On a Mac, I use keyboard maestro, which can interact with the UI (which is usually stable enough to form an interface of sorts) — wait for an graphic to appear on screen, then click it, then simulate keystrokes, run JavaScript on the current page and get a result back... looks very human to a website in a browser, and is nearly as easy to write as Python.

iansinnott1y ago

In short: Don't use HTML endpoints, use APIs.

This is not always possible, but if the product in question has a mobile app or a wearable talking to a server, you might be able to utilize the same API it's using:

- intercept requests from the device - find relevant auth headers/cookies/params - use that auth to access the API

whilenot-dev1y ago

If requests solves any 403 headaches for you, just pass the session cookies to a playwright instance, and you should be good to go. Just did that for scraping the SAP Software Download Center.

lambdaba1y ago

I've found selenium with undetected-chromedriver to work best.

unsupp0rted1y ago

Doesn't get around Cloudflare's anti-bot

1 more reply

mdaniel1y ago· 6 in thread

> Finic uses Playwright to interact with DOM elements, and recommends BeautifulSoup for HTML parsing.

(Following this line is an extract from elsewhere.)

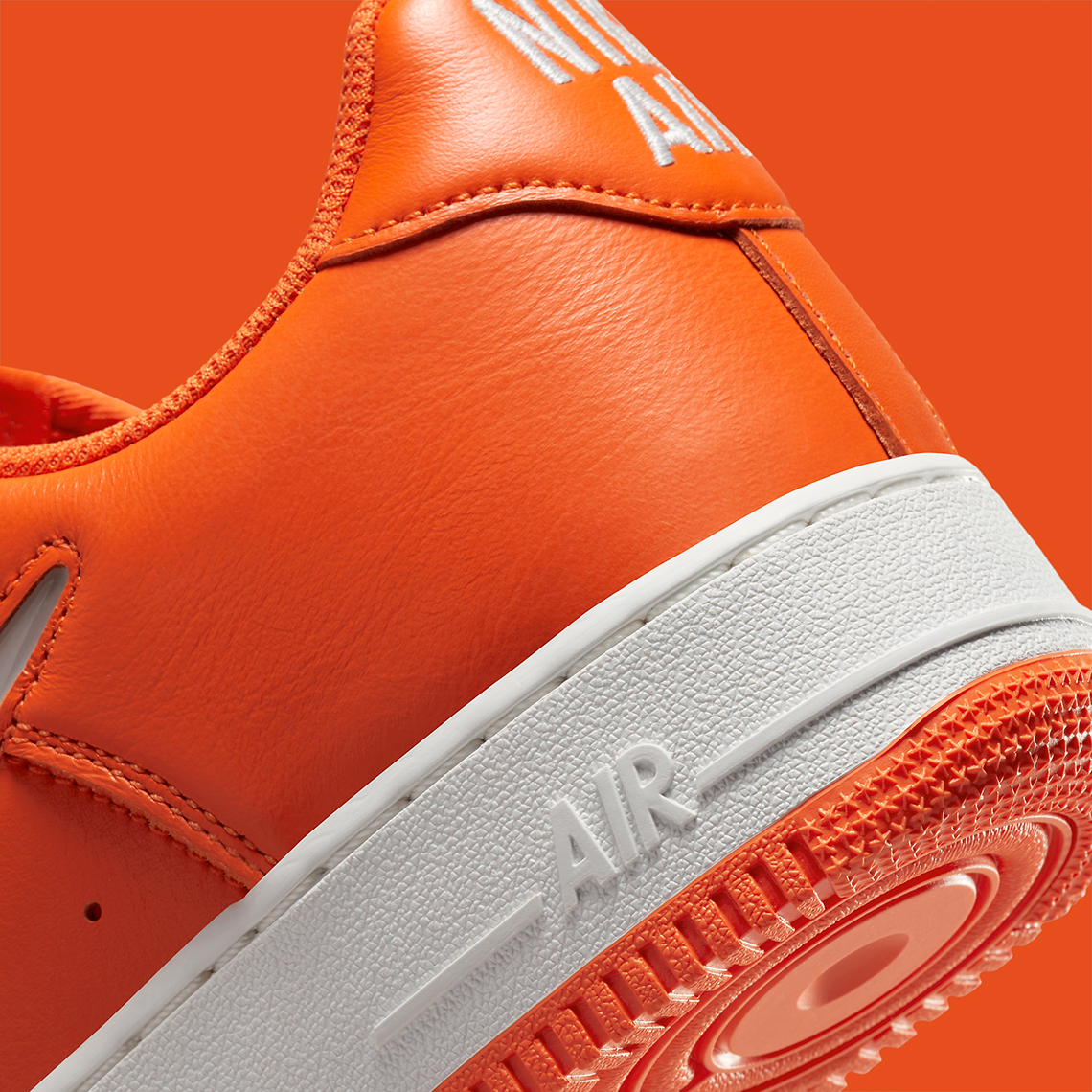 Cùng ngắm mẫu giày Nike Air Force 1 với màu University Orange - 8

I have never, ever understood anyone who goes to the trouble of booting up a browser, and then uses a python library to do static HTML parsing

Anyway, I was surfing around the repo trying to find what, exactly "Safely store and access credentials using Finic’s built-in secret manager" means

ayanb94401y ago

We're in the middle of putting this together right now but it's going to be a wrapper around Google Secret Manager for those that don't want to set up a secrets manager themselves.

0x3444ac531y ago

Often times websites won't load the HTML without executing the JavaScript. or uses JavaScript running client side to generate the entire page.

mdaniel1y ago

I feel that we are in agreement for the cases where one would use Playwright, and for damn sure would not involve BS4 for anything in that case

msp261y ago

What would you recommend for parsing instead?

mdaniel1y ago

In this specific scenario, where the project is using *automated Chrome* to even bother with the connection, redirects, and bazillions of other "browser-y" things to arrive at HTML to be parsed, the very idea that one would `soup = BeautifulSoup(playright.content())` is crazypants to me

I am open to the fact that html5lib strives to parse correctly, and good for them, but that would be the case where one wished to use python for parsing to avoid the pitfalls of dragging a native binary around with you

1 more reply

ghxst1y ago

In python specifically I like lxml (pretty sure that's what BS uses under the hood?), parse5 if you're using node is usually my go to. Ideally though you shouldn't really have to parse anything (or not much at all) when doing browser automation as you have access to the DOM which gives you an interface that accepts query selectors directly (you don't even need the Runtime domain for most of your needs).

1 more reply

suriya-ganesh1y ago· 4 in thread

I've been working on browser agent the last week[1]. So this is very exciting. There are also browser agent implementations like Skyvern[2] (Also YC backed) ,or Tarsier[3] Seems like, finic is providing a way to scale/schedule these agents? If that's the case what's the advantage over something like airflow or windmill ?

If I remember correctly, Skyvern also has an implementation of scaling these browser tasks built in.

ps. Is it not called Robotic Process Automation? First time I'm hearing it as Remote process Automation.

[1]https://github.com/ProductLoft/arachne

[2]https://www.skyvern.com/

[3]https://github.com/reworkd/tarsier

mdaniel1y ago

https://github.com/reworkd/tarsier/pull/115/files represents someone who does not know what git is used for

  Cloning into 'tarsier'...
  remote: Enumerating objects: 15238, done.
  remote: Counting objects: 100% (1613/1613), done.
  remote: Compressing objects: 100% (929/929), done.
  Receiving objects: 100% (15238/15238), 3.01 GiB | 14.82 MiB/s, done.

ayanb94401y ago

Looks like somebody forgot to update the gitignore lol

ayanb94401y ago

Yup that's right its Robotic Process Automation.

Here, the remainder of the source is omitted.